Po około trzech godzinach na którymś z kutrów dostrzeżono wieloryba. Wieść szybko się rozeszła po innych kutrach i wszyscy szyprowie momentalnie zaczęli zajmować swoje ściśle wyznaczone miejsca. Prowadzący polowanie kuter zbliżył się na odległość zapewniającą oddanie celnego strzału harpunem, i zobaczyłem jak długi na 3 metry drąg zakończony specjalnym ostrzem z zadziorami skierowanymi w przeciwną stronę, (ci co wędkują wiedzą o co chodzi) wbija się z dużą siłą w ciało wieloryba. Do harpuna przypięta jest długa na 100-120 metrów lina, a do liny przymocowane są trzy, cztery  puste beczki po paliwie o pojemności 200 litrów. Beczki te spełniają dwie role. Pierwsza to że pozwala to obserwować gdzie znajduje się ofiara, a druga, z pewnością ważniejsza, to taka że jeżeli wieloryb zejdzie na większą głębokość to wyporność tych beczek o wiele szybciej go zmęczy i doprowadzi do pochwycenia go przez rybaków. Ta nierówna walka trwała 6 godzin.
Martwą, około trzydziestotonową już ofiarę kutry holują do brzegu, gdzie pozostali na brzegu członkowie rodzin rybaków zaczepiają do liny kabestanu. Kabestan to taki kierat, gdzie albo za pomocą silnika spalinowego lub – częściej w tamtych czasach – siłą ośmiu silnych mężczyzn, wieloryb bardzo wolno jest wyciągany na plażę. Operacja ta wzbudza ogromne zainteresowanie zarówno u rodowitych mieszkańców tej surowej krainy, jak i u nielicznych przyjezdnych, bo turystów w tamtych czasach naprawdę niewielu tu docierało.
Po wyciągnięciu wieloryba na brzeg zaczyna się prawdziwa ekstaza dzielenia zdobyczy. Dowodzący polowaniem nadzoruje „rozbiór” tuszy i dzieli ją według ściśle określonej nomenklatury. Dostają swoją część rybacy biorący udział w polowaniu. Ale jest także rytuał obdarowywania mięsem i tłuszczem rodzin rybaków, którzy ponieśli śmierć w morzu. Świeży tłuszcz, o dziwo, nie śmierdzi. Ma trochę słodkawy „zapach”. Na wyrażenie mojego zdziwienia prowadzący polowanie wyjaśnił, że śmierdzi tak strasznie jak tran (starsi czytelnicy na pewno pamiętają ten zapach i smak) tylko to, co zdąży się zepsuć. Wielorybi tłuszcz myśliwi kroją bardzo ostrymi, długimi na metr, ni to nożami, ni maczetami na sześciany o boku mniej więcej 20 cm. Wiele obdarowanych osób już tu na plaży zaczęło jeść to, co dostali. Wielorybi tłuszcz przypomina żelatynową, dość ścisłą galaretę i jest biały. Nie mogłem wyjść z podziwu, że to im tak bardzo smakuje. Ja i moi koledzy z ekipy również zostaliśmy obdarowani takim plastrem i zachęcano nas do wspólnego ucztowania. Dano nam także do zrozumienia, że odmowa będzie ogromnym nietaktem z naszej strony. Ku mojemu ogromnemu zdziwieniu, nie było to tak tragiczne doświadczenia, jakiego się spodziewałem. Smakowało to mniej więcej tak, jakbyś szanowny czytelniku jadł masło.

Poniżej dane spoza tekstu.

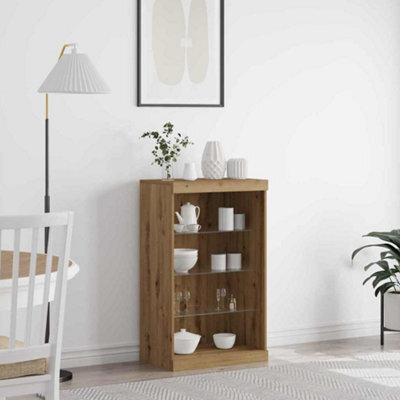 Berkfield Sideboard With Led Lights Artisan Oak 60,5X37X100 Cm - image 1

Dzień tu w polarnej krainie trwa bardzo krótko. W marcu, kiedy byłem, wschód był o ok. 9.30, a zachód o ok. 14.30.
Rodowici Czukcze są bardzo gościnni. Na nasz widok nawet całkiem przypadkowo spotkani ludzie zapraszali nas do swoich domów.
Kolejnym punktem naszego pobytu była podróż nad cieśninę Beringa do miejscowości Naukan. Dojazd do tej miejscowości rosyjskim wozem terenowym, popularnym w Rosji „Uazem” zajął nam cały dzień, choć do przejechania mieliśmy około 350 km. Po drodze mijaliśmy dwie – trudno powiedzieć wioski. Ot po prostu kilka pobudowanych czum, a w każdym mieszkała rodzina dwu-trzy pokoleniowa. Wszyscy nas oczywiście gorąco witali i gościli. Wypytywano nas skąd przybywamy. Czukczowie, którzy już praktycznie nie posiadają własnego języka i mówią tylko po rosyjsku, ogromnie się cieszyli, że ja biały człowiek mówię do nich w ich języku. W jednej wiosce, w której gościliśmy, byliśmy jako pierwsi biali. Nigdy wcześniej tu nikt nie widział nikogo takiego (no po za tymi, których widywano w telewizorze).
U nas w Polsce wiele osób, kiedy trafia gdzieś na głęboką prowincję, używa określenia „pipidówek”. Tenże nasz rodzimy „pipidówek”, w porównaniu z tym, co zobaczyłem nad cieśniną Beringa to metropolia. Osada, w której mieszkało około 800-850 osób. Kilka sklepów z bardzo podstawowymi artykułami jedna – na wyrost powiedziane – knajpa i to wszystko. Żadnego hotelu. Mieszkaliśmy w domu wybudowanym z drewnianych bali u „gołowy”, czyli odpowiednika naszego sołtysa. Zeszliśmy nad brzeg i nasz przewodnik powiedział nam, że jak jest dobra pogoda, to widać wzgórza na Alasce.
Podstawowym produktem w diecie Czukczów znad cieśniny są ryby. Gotują oni z nich genialną zupę o nazwie „ucha”. Jest rzeczywiście świetna. Ja się nią zajadałem przez dwa tygodnie naszego pobytu. Oni jedzą ją przez 365 dni w roku.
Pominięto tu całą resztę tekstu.